Целый ряд исследователей акцентирует внимание на уменьшении роли военной силы и выдвижении на первый план экономических, идеологических и культурных параметров оценки мощи и потенциала государств на мировой арене. Это не означает, что использование жесткой силы уходит в прошлое (тут как раз возможна даже активизация ее применения в практической политике целым рядом стран и в самых широких географических ареалах). Однако практически невозможным становится использование силы ведущими мировыми державами против других мировых держав с целью ревизии принципов и структурных параметров организации существующего миропорядка (в силу наличия ядерного фактора, глубокой взаимозависимости экономик ведущих стран мира и тому подобных факторов). Упор на военную мощь перестает быть единственным основанием власти и влияния в современном мире. Как наглядно продемонстрировал пример США с их колоссальной, явно избыточной военной мощью, в обозримой перспективе будет лишь нарастать эффект «бессилия силы» – невозможности решения региональных или глобальных проблем при опоре только на традиционную жесткую силу. Экономическая мощь уже в наше время значит не меньше, а возможно и больше, чем военная сила. В перспективе все более существеными будут факторы «мягкой силы» [49] См. об этом: Nye J. Soft Power. The Means to Success in World Politics. N.Y., 2004.
.
Дебаты вокруг суверенитета
Один из глобальных трендов при анализе международных отношений последних десятилетий – обострение политических дебатов вокруг положения о «вестфальском» суверенитете государств. В рамках научных дискуссий циркулируют вопросы о возможности внешнего воздействия на внутриполитические ситуации в тех или иных странах, его целях, средствах, пределах и т. п. Понятно, что абсолютного суверенитета в современных условиях, где любое государство функционирует в условиях существенных внутренних и внешних ограничений и обязательств, где процессы глобализации способствуют существенному перераспределению ресурсов власти от правительств к иным субъектам мировой политики (ТНК, НГО и др.), быть не может. Но сомнительными представляются и утверждения о том, что суверенитет государств является неким рудиментом старой, постепенно подвергающейся все более серьезной политической и правовой эрозии Вестфальской системы организации международных отношений, что «традиционные концепции суверенитета» якобы оказались неспособными отразить всю сложность современных международных отношений [50] См. об этом: Keating M. Plurinational Democracy: Stateless Nations in a Post-Sovereignty Era, Oxford, New York: Oxford University Press, 2002; Slaughter A-M. A New World Order, Princeton and Oxford: Princeton University Press, 2004.

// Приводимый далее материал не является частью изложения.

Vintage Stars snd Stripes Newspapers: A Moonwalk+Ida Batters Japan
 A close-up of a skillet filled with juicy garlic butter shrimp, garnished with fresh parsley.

. Как известно, «новое – это лишь хорошо забытое старое». И когда мы сталкиваемся с утверждениями относительно несовместимости «устаревшего» суверенитета и гуманитарных принципов современного мироустройства – как не вспомнить здесь мнение одного из отцов-основателей теории международных отношений Э.Карра, высказанное более полувека тому назад: «Неуместность государственного суверенитета – идеология доминирующих держав, которые рассматривают суверенитет других государств как препятствие для использования своего собственного преобладающего положения» [51] CarrE. The Twenty Years’ Crisis 1919–1939. An Introduction to the Study of International Relations. L., 1939, p.18.
.
Понятие суверенитета довольно поздно пришло в общественно-политическую мысль. Термин был введен в оборот только в XVI в. видным французским мыслителем Ж.Боденом. При этом концепция суверенитета фактически формировалась и развивалась вместе с идеей современного (национального) государства. Согласно широко распространившимся и закрепленным в международном праве после Вестфальского 1648 г. мира представлениям, каждое государство должно было обладать внутренним и внешним суверенитетом. Внутренний суверенитет непосредственно связан с ключевым для мира политики понятием власти. Значимость внутреннего суверенитета состоит прежде всего в том, что государству принадлежит верховная власть над всей территорией, на которую распространяется его юрисдикция. Внешний суверенитет хорошо коррелируется с представлениями об анархичности (в смысле отсутствия верховного арбитра и неотвратимых санкций за нарушение правил поведения) системы международных отношений. И состоит в свободе поведения государств на международной арене в процессе реализации своих интересов и целей и отсутствии некой «вышестоящей» силы над суверенным государством. Свободе, ограниченной только действиями других участников международных отношений. Отсюда вытекает и краеугольный принцип современного международного права – принцип суверенного равенства государств.